Better SolutionWe have suggested a solution based on Shamir secret sharing scheme. This saves database space and it is also fast as only a polynomial computation (in the simplest form) is needed for verification.
A. Global Parameters
At the beginning, someone has to define global parameters of the system. Well, there is actually just one - how many letters will users have to select. Let us call the parameter N. The maximum length of password (L) is important only from the database point of view - you will need to store a 32b long number for each character.
B. adding New User
- User chooses his/her password P. It consists of letters p1, p2, p3, ... pk.
- The system will generate at least 32 bits' long secret key - K - unique for each user. 32 bits is enough if N is 3, for larger N (the number of letters users have to correctly select each time) you may want to increase the length of K.
- The system will also generate N-1 32 bits' long random numbers R1, R2, ... R(N-1)
- The next step is a computation of k points (k being the length of the password) on a polynomial: y=K+R1*x + R2*x^2 + ... + R(N-1)*x^(N-1), for x = 1, 2, ... k. Let us denote the results as y1, y2, ..., y(N-1).
- Values s1=(y1-p1), s2=(y2-p2), ... sk=(yk-pk) is stored in the database. Each number takes 32 bits. One will also need to store K, or the hash of K.
The next part of the system is user authentication, which is very simple and fast.
- The system selects N positions in the password - i1, i2, ... iN.
- A user selects N letters from her/his password at specified positions so that we have pairs (p'1, i1), (p'2, i2), ..., (p'N, iN).
- The system recovers yi values for indices i selected in step 1 - simply just adding stored values (see step 5 above) to values p'i entered by the users.

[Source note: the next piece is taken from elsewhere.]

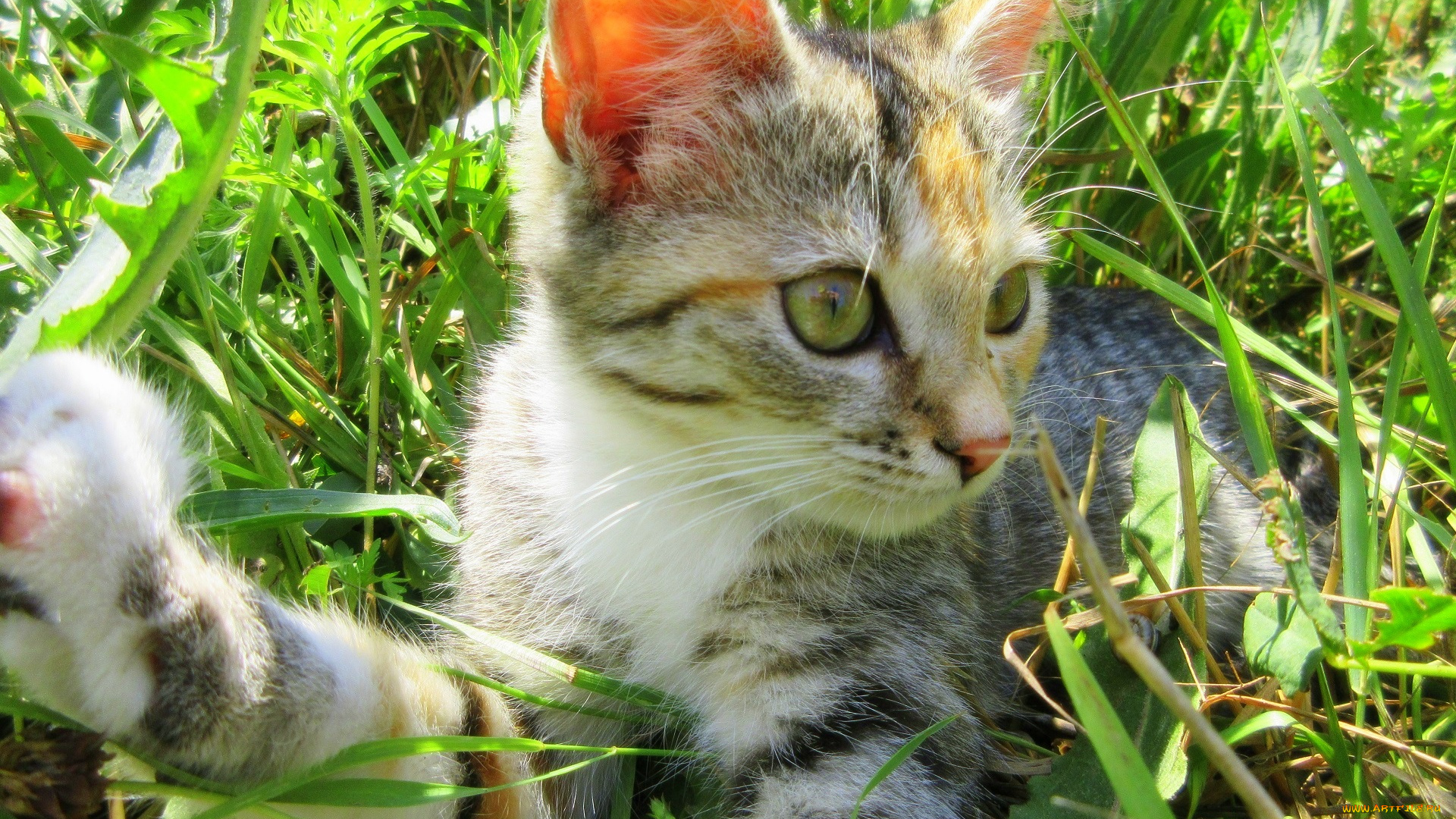 животные, коты, трава, кошка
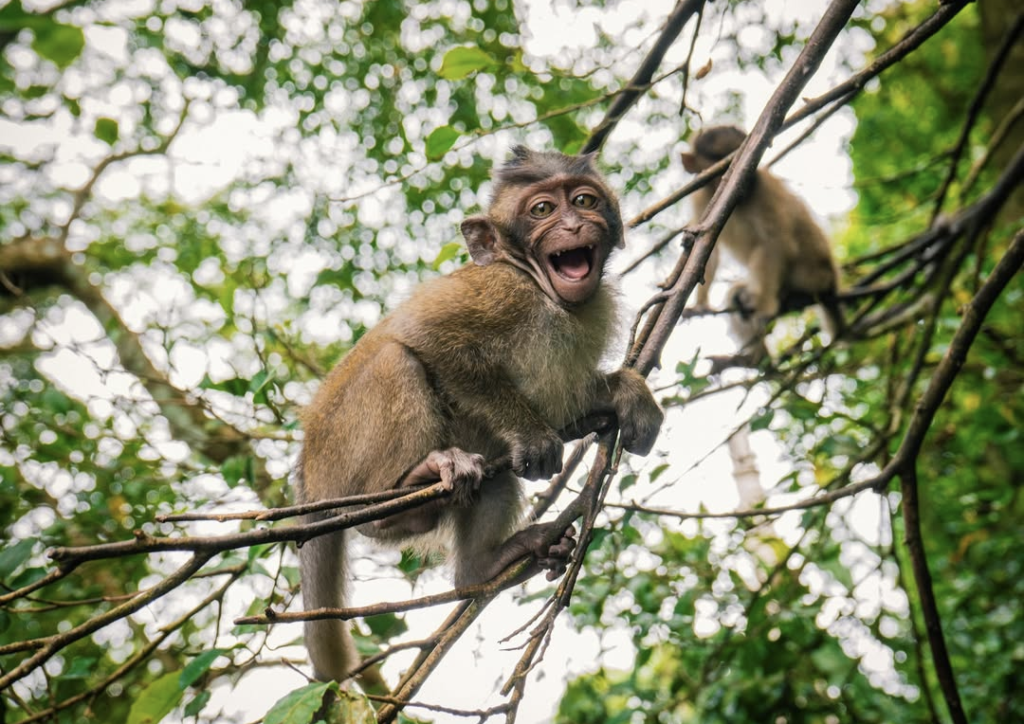 un singe dans la forêt thailandaise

- Now we have to solve the polynomial equation to obtain K'. The equation for that looks horribly but it is quick to compute and can even be partially pre-computed as it uses indices (positions of letters): K' = \sum_i [ yi * [ (\PI_j (j) ) / (\PI_j (i-j)) ] ], where i and j run over i1, i2, ..., iN (step 1), and j skips the actual selected i.
Example: let's say that user selected 2nd, 3rd, and 4th letter, the solution will be: K'=y2*( 3*4/[(2-3)*(2-4)] )+y3*( 2*4/[(3-2)*(3-4)] ) + y4*( 2*3/[(4-2)*(4-3)] )
- The last step is to compare K and K'. If they are equal, user entered correct values and is logged in.
One note here - the secret is not K, but values yi reconstructed when user enters his/her letters.
Pros and Cons
The highlights of this solution are:
- The number of letters for authentication and the length of passwords is not really limited.
- The database space that is needed to store all necessary information is linear with the length of a password, not quadratic.
- Secrets are not stored in plain-text and need certain computation.
- All the data can be still encrypted for storage if needed.
- Faster to compute - verification is several multiplications of 32 bit numbers that is much much faster than computing a hash value.
The low points are:
- It is not a straight forward solution.
- The security is still not increased beyond the difficulty of finding the correct K letters.